▶ _INFORMATION SHOWN_:
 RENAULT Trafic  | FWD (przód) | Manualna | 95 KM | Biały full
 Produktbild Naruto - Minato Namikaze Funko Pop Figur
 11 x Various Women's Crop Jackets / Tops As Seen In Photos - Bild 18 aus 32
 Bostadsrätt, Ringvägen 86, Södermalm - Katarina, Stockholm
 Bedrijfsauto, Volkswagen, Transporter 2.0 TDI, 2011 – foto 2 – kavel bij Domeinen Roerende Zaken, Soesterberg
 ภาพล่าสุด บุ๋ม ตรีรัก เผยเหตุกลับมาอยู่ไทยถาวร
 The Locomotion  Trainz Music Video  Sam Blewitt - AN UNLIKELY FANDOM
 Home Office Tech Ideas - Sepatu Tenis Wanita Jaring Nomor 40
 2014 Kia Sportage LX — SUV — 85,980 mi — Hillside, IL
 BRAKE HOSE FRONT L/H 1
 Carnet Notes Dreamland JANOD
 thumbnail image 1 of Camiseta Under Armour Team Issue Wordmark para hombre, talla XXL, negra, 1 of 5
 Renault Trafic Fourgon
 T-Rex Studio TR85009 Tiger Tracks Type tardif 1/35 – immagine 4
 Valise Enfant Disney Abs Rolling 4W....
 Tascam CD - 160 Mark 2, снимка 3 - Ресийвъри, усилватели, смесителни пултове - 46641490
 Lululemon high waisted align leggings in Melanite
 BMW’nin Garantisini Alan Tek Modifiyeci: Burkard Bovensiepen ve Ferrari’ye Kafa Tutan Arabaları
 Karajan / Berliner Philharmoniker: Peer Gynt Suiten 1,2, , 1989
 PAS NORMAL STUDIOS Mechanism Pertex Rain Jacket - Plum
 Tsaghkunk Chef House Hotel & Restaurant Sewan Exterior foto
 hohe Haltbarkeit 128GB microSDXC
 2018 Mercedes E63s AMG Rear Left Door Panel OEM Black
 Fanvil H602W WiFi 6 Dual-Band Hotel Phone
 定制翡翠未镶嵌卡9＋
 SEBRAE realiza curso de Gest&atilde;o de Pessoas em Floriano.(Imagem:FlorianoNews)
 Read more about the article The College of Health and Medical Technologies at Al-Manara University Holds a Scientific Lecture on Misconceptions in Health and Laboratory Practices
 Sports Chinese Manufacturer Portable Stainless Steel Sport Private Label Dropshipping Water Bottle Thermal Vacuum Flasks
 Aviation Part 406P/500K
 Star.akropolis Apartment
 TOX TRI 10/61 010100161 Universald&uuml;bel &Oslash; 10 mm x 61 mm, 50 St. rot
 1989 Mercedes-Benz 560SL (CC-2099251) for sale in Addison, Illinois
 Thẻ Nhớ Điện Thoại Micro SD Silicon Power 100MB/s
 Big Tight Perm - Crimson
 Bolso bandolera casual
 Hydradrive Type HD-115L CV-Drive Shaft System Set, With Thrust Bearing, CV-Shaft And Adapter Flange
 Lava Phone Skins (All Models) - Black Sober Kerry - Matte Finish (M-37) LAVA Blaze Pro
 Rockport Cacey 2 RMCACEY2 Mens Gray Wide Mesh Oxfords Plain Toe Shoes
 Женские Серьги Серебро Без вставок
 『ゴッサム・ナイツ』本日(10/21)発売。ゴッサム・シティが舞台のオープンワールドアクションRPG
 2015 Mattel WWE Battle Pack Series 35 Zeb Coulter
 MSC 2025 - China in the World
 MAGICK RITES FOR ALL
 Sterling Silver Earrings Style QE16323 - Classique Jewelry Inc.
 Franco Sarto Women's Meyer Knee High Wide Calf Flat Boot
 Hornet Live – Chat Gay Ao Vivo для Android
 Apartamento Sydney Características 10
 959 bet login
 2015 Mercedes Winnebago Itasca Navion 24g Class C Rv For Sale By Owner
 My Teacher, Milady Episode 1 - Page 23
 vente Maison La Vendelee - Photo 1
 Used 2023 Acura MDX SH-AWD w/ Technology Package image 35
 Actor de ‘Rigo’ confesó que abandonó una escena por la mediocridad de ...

▶ _EXERCISE GOAL_:
In the listing above, find the line with "Tascam CD - 160" and the line with "Bolso bandolera casual", then print exactly those two lines and every line between them, and nothing more.

▶ _SOLUTION_:
 Tascam CD - 160 Mark 2, снимка 3 - Ресийвъри, усилватели, смесителни пултове - 46641490
 Lululemon high waisted align leggings in Melanite
 BMW’nin Garantisini Alan Tek Modifiyeci: Burkard Bovensiepen ve Ferrari’ye Kafa Tutan Arabaları
 Karajan / Berliner Philharmoniker: Peer Gynt Suiten 1,2, , 1989
 PAS NORMAL STUDIOS Mechanism Pertex Rain Jacket - Plum
 Tsaghkunk Chef House Hotel & Restaurant Sewan Exterior foto
 hohe Haltbarkeit 128GB microSDXC
 2018 Mercedes E63s AMG Rear Left Door Panel OEM Black
 Fanvil H602W WiFi 6 Dual-Band Hotel Phone
 定制翡翠未镶嵌卡9＋
 SEBRAE realiza curso de Gest&atilde;o de Pessoas em Floriano.(Imagem:FlorianoNews)
 Read more about the article The College of Health and Medical Technologies at Al-Manara University Holds a Scientific Lecture on Misconceptions in Health and Laboratory Practices
 Sports Chinese Manufacturer Portable Stainless Steel Sport Private Label Dropshipping Water Bottle Thermal Vacuum Flasks
 Aviation Part 406P/500K
 Star.akropolis Apartment
 TOX TRI 10/61 010100161 Universald&uuml;bel &Oslash; 10 mm x 61 mm, 50 St. rot
 1989 Mercedes-Benz 560SL (CC-2099251) for sale in Addison, Illinois
 Thẻ Nhớ Điện Thoại Micro SD Silicon Power 100MB/s
 Big Tight Perm - Crimson
 Bolso bandolera casual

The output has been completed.